> **WHAT TO WORK ON**: Below are records that hold pictures; write out only the lines from their start through the line with "Hi Vis Two Tone Waistcoat - Brig", exactly, and drop the pictures.

> **SOURCE DATA**:
┌──
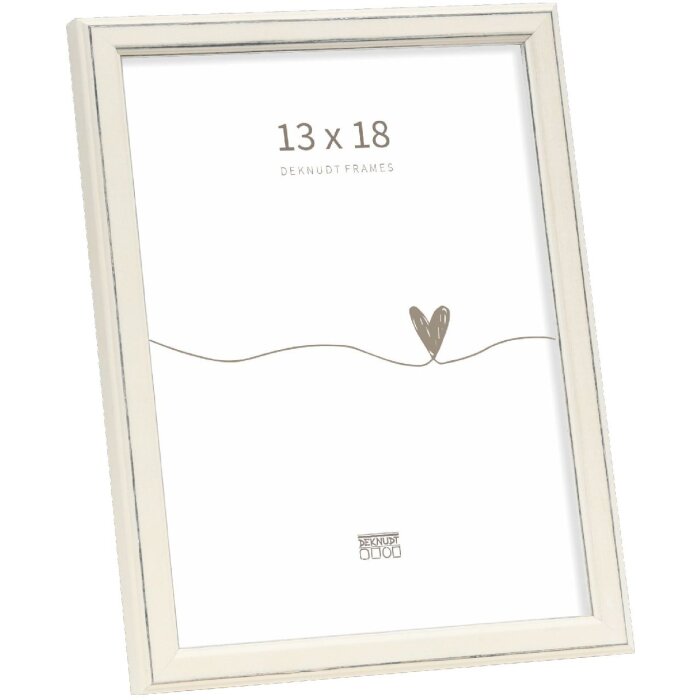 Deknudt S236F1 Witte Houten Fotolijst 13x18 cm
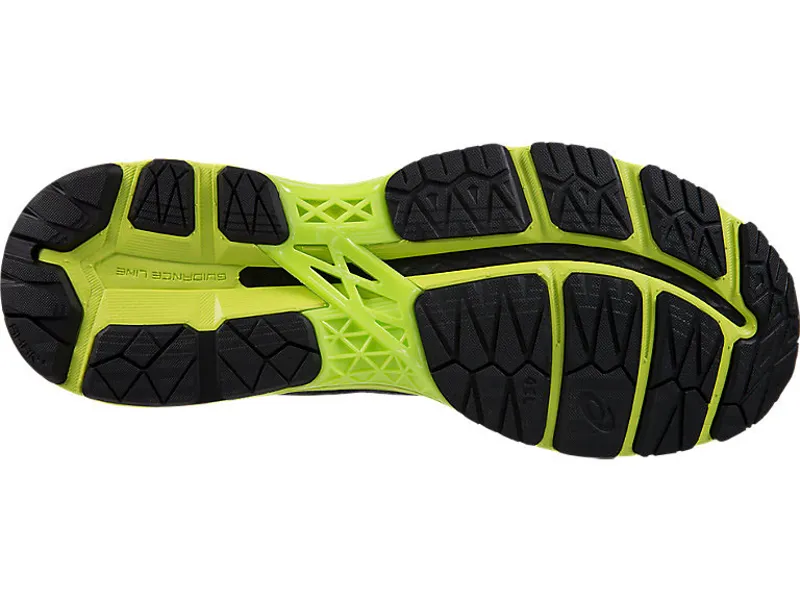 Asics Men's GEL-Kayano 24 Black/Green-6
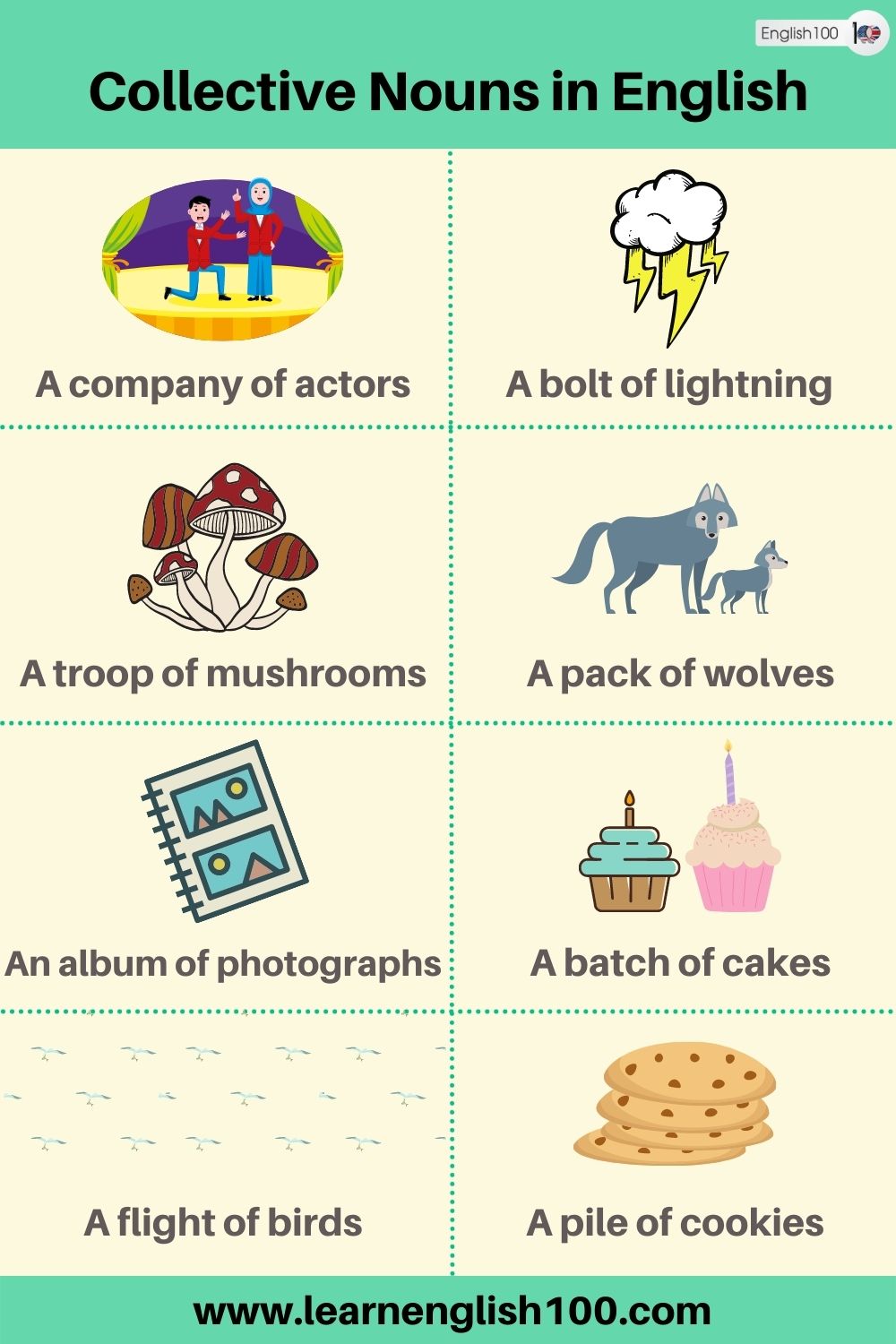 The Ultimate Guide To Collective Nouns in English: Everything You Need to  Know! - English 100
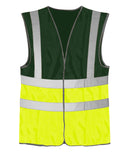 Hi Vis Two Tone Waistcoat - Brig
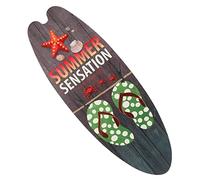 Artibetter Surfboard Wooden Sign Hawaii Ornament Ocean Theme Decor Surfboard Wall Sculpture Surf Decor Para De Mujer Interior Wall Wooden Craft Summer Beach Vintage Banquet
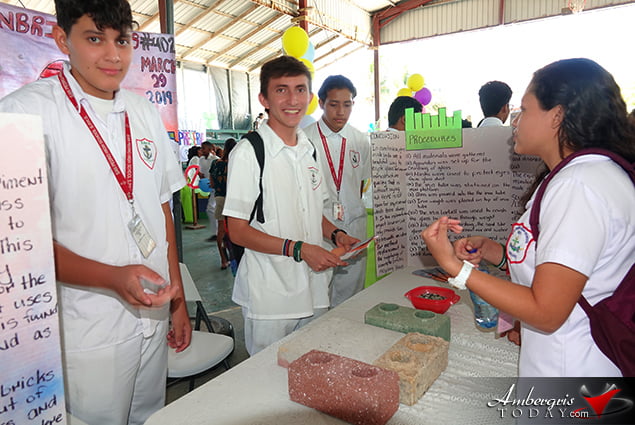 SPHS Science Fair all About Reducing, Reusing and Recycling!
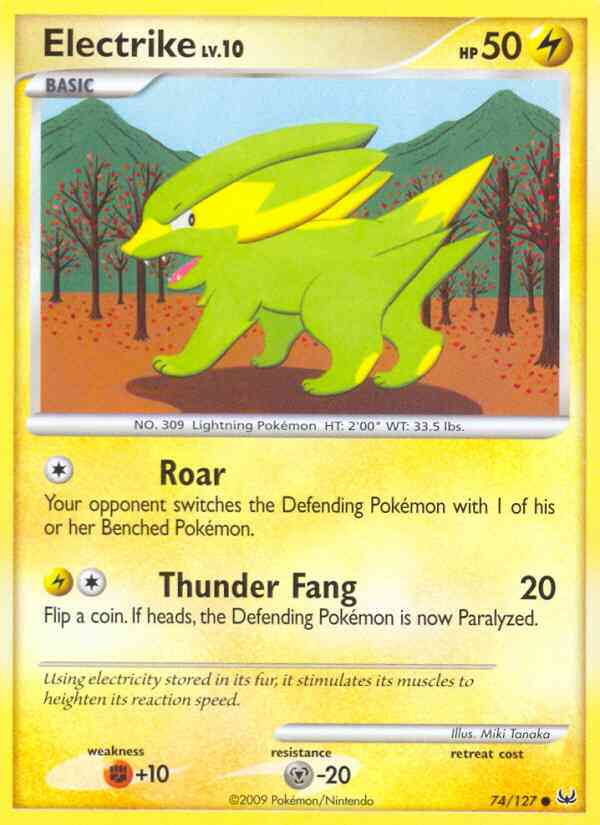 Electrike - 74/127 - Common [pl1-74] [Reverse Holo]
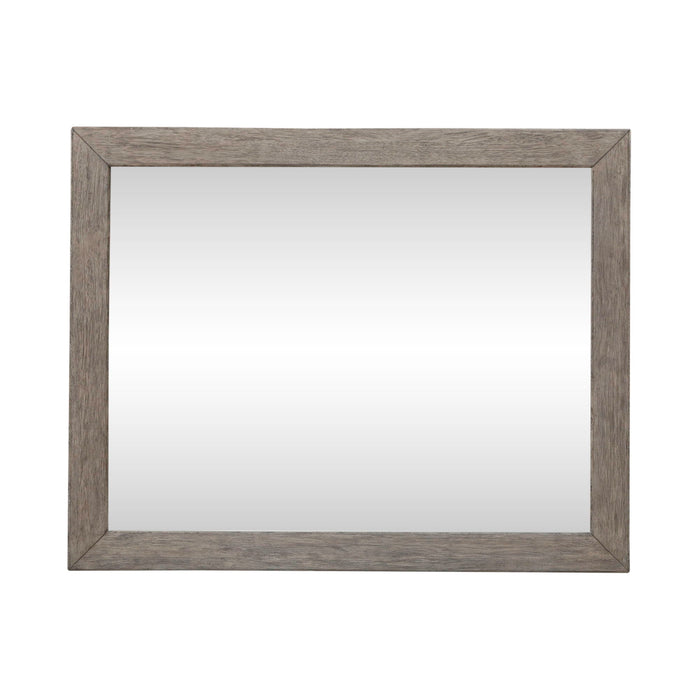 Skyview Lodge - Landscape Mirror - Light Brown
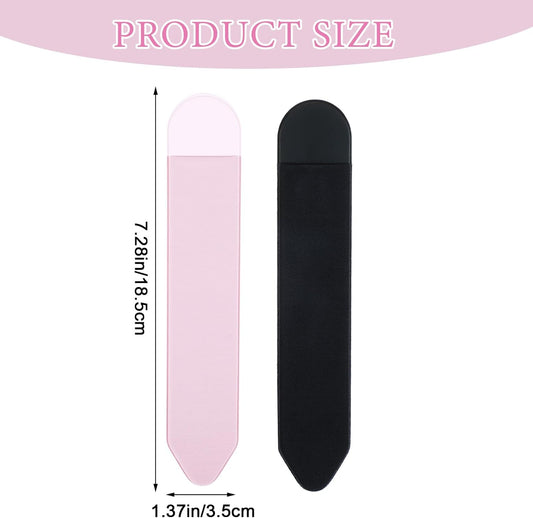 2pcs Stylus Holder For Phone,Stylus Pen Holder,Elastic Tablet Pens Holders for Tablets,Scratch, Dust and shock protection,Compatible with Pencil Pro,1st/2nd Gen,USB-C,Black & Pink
└──
> **YOUR SOLUTION**:
 Deknudt S236F1 Witte Houten Fotolijst 13x18 cm
 Asics Men's GEL-Kayano 24 Black/Green-6
 The Ultimate Guide To Collective Nouns in English: Everything You Need to  Know! - English 100
 Hi Vis Two Tone Waistcoat - Brig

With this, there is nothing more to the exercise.